Os empregados declararam que pegavam água no riacho e esquentavam no fogareiro improvisado para tomar banho, devido ao frio. As temperaturas médias na região na semana da libertação variavam entre 3 e 13° C. Os colchões eram colocados diretamente no chão do galpão. A fiscalização lavrou 24 autos de infração contra o empregador, que pagou mais de R$ 12 mil em verbas rescisórias e dano moral individual aos trabalhadores.

Na quinta propriedade, em 7 de julho, a fiscalização retirou mais cinco pessoas (incluindo um adolescente) de condições semelhantes que também estavam alojados em um galpão onde eram armazenados os agrotóxicos. Não havia fornecimento de água potável nem instalações sanitárias. As vítimas prestavam serviços para Antônio Roberto Garretti.

O empregador mantinha, ao todo, 26 trabalhadores na extração da erva-mate sem registro na Carteira de Trabalho e Previdência Social (CTPS) e sem EPIs. Após a fiscalização foram lavrados 23 autos de infração e o empregador responsável pagou mais de R$ 19 mil em verbas rescisórias e dano moral individual aos trabalhadores escravizados.

A Repórter Brasil tentou contato com os empregadores envolvidos, mas não conseguiu registrar as posições dos mesmos.

Mudança


A coordenadora Lilian acredita que é preciso uma mudança de atitude por parte dos empresários do setor. “É preciso entender que há necessidade de se profissionalizar; mudar a mentalidade empresarial para conciliar a busca pelo lucro com o respeito à dignidade do trabalhador”.

São poucas as oportunidades de trabalho para os moradores da zona rural da região. “Pela falta de melhores condições de vida nessas cidades, alguns poucos ditam as regras. E a indústria da erva-mate está ditando a regra de que os empregados da extração estão condenados às piores condições de trabalho presenciadas pela fiscalização nas últimas décadas”.

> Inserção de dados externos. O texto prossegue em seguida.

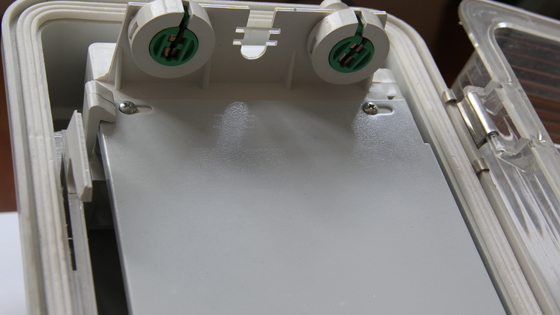 Lumière LED linéaire antidéflagrante ATEX/IECEx/CNEX durable de 0,6 m/1,2 m, qualité industrielle IP66 pour les zones dangereuses, les usines pétrochimiques, minières, maritimes et les installations énergétiques. La conception économe en énergie réduit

A auditora fiscal do trabalho realça ainda que o trabalho escravo “não está necessariamente vinculado ao direito de ir e vir”. A escravidão contemporânea, completa, “é resultado do descumprimento dos direitos mínimos trabalhistas assegurados pela legislação, e em uma escala tal que torna sua condição, como pessoa e como trabalhador, indigna de ser vivida”.